The reports of a bumper Diwali celebration across the country, thanks to the government's GST rate cut, are not true for farmers. In many parts of the country, Diwali is proving to be a dull one for farmers, as they are forced to sell their crops below the Minimum Support Price (MSP) for cotton, maize, soybeans, millet, pulses, and, in many cases, paddy. While the government's consumer-focused policies have led to increased imports of edible oils, pulses, and cotton, improved production due to a consistently good monsoon has significantly increased food grain stocks in the central pool. Food inflation is recording record lows, driven by falling prices for most agricultural products. However, this situation is not very good for farmers, nor for the government, as the government cannot ignore the low prices farmers are facing for long. This situation could pose a new challenge for the Modi government at the Centre.

As a result of measures taken to improve production and control prices, wheat stocks in the central pool stood at 32.03 million tonnes on October 1, 2025, a four-year high, exceeding the buffer norms by one and a half times. Significantly, despite the government's claim of record wheat production, it has imposed stock limits on wheat, and its export has been banned since 2022. The situation with rice is even better. On October 1, 2025, the central pool stock stood at 44.93 million tonnes, 4.4 times the buffer norms. This is expected to increase significantly due to the bumper paddy harvest in the Kharif season, as the new government procurement season is underway. Government procurement of paddy is strong in Punjab, Haryana, Chhattisgarh, and Telangana. The Chhattisgarh government and Odisha are also offering bonuses on paddy. Therefore, where there is a lack of proper government procurement, farmers are facing difficulties in receiving the MSP for paddy, with Uttar Pradesh experiencing a high incidence of this.

However, the situation with cotton is different from that of paddy. In most parts of the country, cotton farmers are forced to sell their crop at prices ranging from ₹1,000 to ₹1,500 per quintal below the MSP. For the current marketing season, the government has set an MSP of ₹7,710 per quintal for medium-staple varieties and ₹8,110 per quintal for long-staple varieties, while farmers are receiving only ₹6,500 to ₹7,100 per quintal in the market.
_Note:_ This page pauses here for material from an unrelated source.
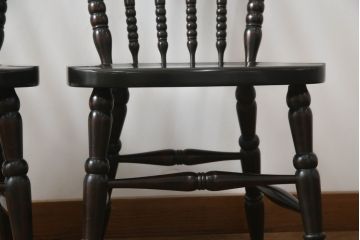 中古　美品　北海道民芸家具　クラシカルな雰囲気を醸し出すダイニングチェア2脚セット(椅子、板座チェア)(R-059046)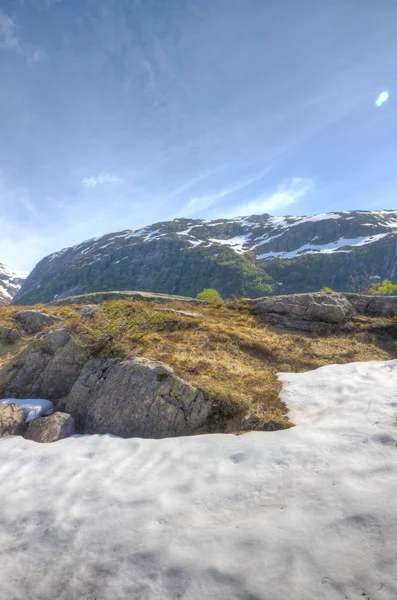 Neve e montanha — Fotografia de Stock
This is largely due to the government's continued permission for duty-free cotton imports even during the harvest season, and approximately 5 million bales of cotton are expected to be imported into the country by the end of December. Combining domestic production and imports, cotton availability in the country is estimated to exceed consumption by approximately 3 million bales. Clearly, obtaining the MSP for cotton will be a challenge for farmers.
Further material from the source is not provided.